As a student who has been attending a Nazarene University and a Nazarene Church for four years now, I will admit, I was fairly confident in my understanding of Nazarene doctrine. No, I had never actually read the Church of the Nazarene Manual, but really, what could a lousy pamphlet have to say about temperance that I have not already heard on this campus?
Quite a lot actually.
There I was, all ready to argue why Nazarene Theology and Pub Theology actually were not as incompatible as they first may appear. After all, both aim to spread the love of Jesus Christ. Both want to see sinners saved. And both advocate for a liberal dose of apologetics at every meal. Contrary to what eHarmony may tell you, it takes a lot more than a few common interests and beliefs to be compatible.
Before we get into why Nazarenes should probably never ever engage in Pub Theology, lets start by answering the question: What is Pub Theology?
Pub Theology is what it says on the label: go into a bar, find some new friends, and discuss our Lord and Savior Jesus Christ over a couple of pints. Apologetics meets ale.
While Google analytics may tell you this is a new trend, Pub Theology is actually a lot older than you think. Legend has it the first Pub Theologian was Saint Arnold of Soissons, who kicked off the trend when he saved his entire medieval village of heathens from the plague by insisting they all drink beer and beer alone. Another Pub Theologian that you have probably heard of was Martin Luther, who wrote in his book, “The Bondage of Will”: “Whoever drinks beer, he is quick to sleep; whoever sleeps long, does not sin; whoever does not sin, enters Heaven! Thus, let us drink beer!” Even C.S. Lewis was known to talk theology over a good lager.
While to some Christians, the idea of mixing the Bible and beer is just as crazy as the idea of mixing liquor and beer is to some wine snobs, most adherents of Pub Theology would argue they are just WWJD-ing. After all, the book of John tells us that Jesus’ first miracle was refilling the kegs. Uh, pardon me— refilling the ὑδρίαι.

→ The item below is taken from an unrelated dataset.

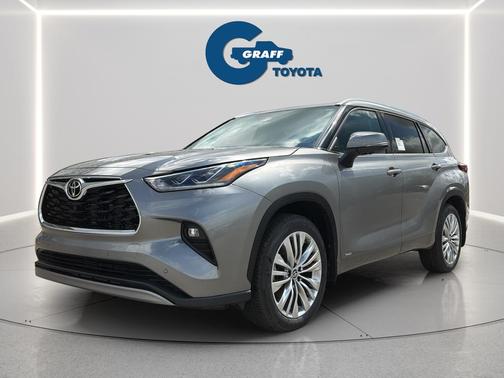 Heavy Metal 2026 Toyota Highlander Hybrid Platinum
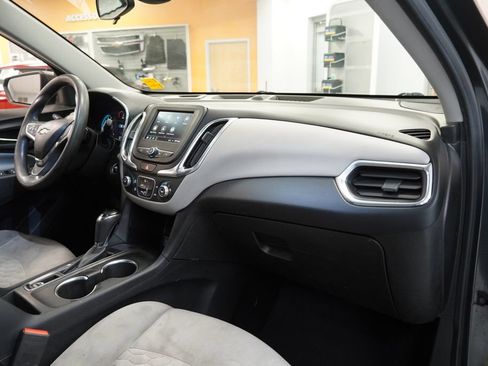 Used 2020 Chevrolet Equinox LS FWD image 36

If it’s not obvious already, I am all for this old trend made new. I love the idea of Christians meeting people where they are and spreading the light of Christ in the dark places. The only question I still had was how do Nazarenes fit into this new trend?
The answer I arrived at will probably shock no one: Not at all.
Contrary to what I have been told, the Nazarene’s anti-alcohol doctrine has nothing to do with moderation or neighborly consideration. It doesn’t even really have to do with personal integrity. It has to do with the complete and total annihilation of “the social acceptability of the ‘alcohol culture.’” That’s right. Tonight we’re going to party like it’s 1929 because the Church of the Nazarene actually advocates for the total de-socialization of alcohol.
I am not here to share my opinion on the Nazarene policy concerning intoxicants. What I am here to share about is whether or not Pub Theology and Nazarene Theology are compatible. After researching the subject, it is my opinion that the two are 100 percent incompatible.
According to the manual, the goal of the Nazarene church is to eradicate social drinking and the acceptability of said practice from the face of society, not only by personally avoiding it, but by refusing to endorse, traffic or license alcohol. Not only that, Nazarenes are to actively minimize others’ access to alcohol and to vote against it. I’m pretty sure the option to vote against alcohol hasn’t been on the ballot since WWII, but way to be prepared.
Any way you dice it, if you are a member of the Nazarene church and you adhere to Nazarene doctrine, I do not see how you could, in good conscience, engage in Pub Theology.
But maybe you are not “that sort of Nazarene.” Maybe you don’t need the whole country to be dry, you just personally abstain from alcohol. And right now you are saying, what’s wrong with me sitting in a pub, chatting up the cliental, and winning local hearts and minds for Jesus? To all of you, I give this extended metaphor:
Imagine you are at your favorite burger joint, sitting at the dining room counter, enjoying your six oz. thick, juicy, 100 percent black angus beef patty. In saunters a new guy. He looks nice enough, but you can’t help noticing his PETA shirt. You decide to let it slide. He hops up to the counter and orders himself a cobb salad. You think, that’s odd, ordering a salad at the best burger joint in town. But he’s friendly enough, and roots for the Bears, so you decide to let it slide.
Until his salad arrives and he proceeds to pick every shred of bacon off of it. And that’s when you realize—this man isn’t here for the burgers or dogs. He’s not even here to watch the game. By the time he finally hands you a leaflet and break into his animal rights spiel, you are not even surprised. Like most people, you can spot a vegan from a mile away.
If you can understand how a vegan canvassing a burger joint could easily come across as preachy, judgmental and downright intrusive, then you can probably understand why anyone other than a designated driver might have a hard time abstaining from alcohol while trying to share the gospel in a bar.
But hey, if after all that you still think Pub Theology is something you have been called to peruse, then by all means, knock yourself out. Just do yourself a favor and hold off until after you graduate from Olivet.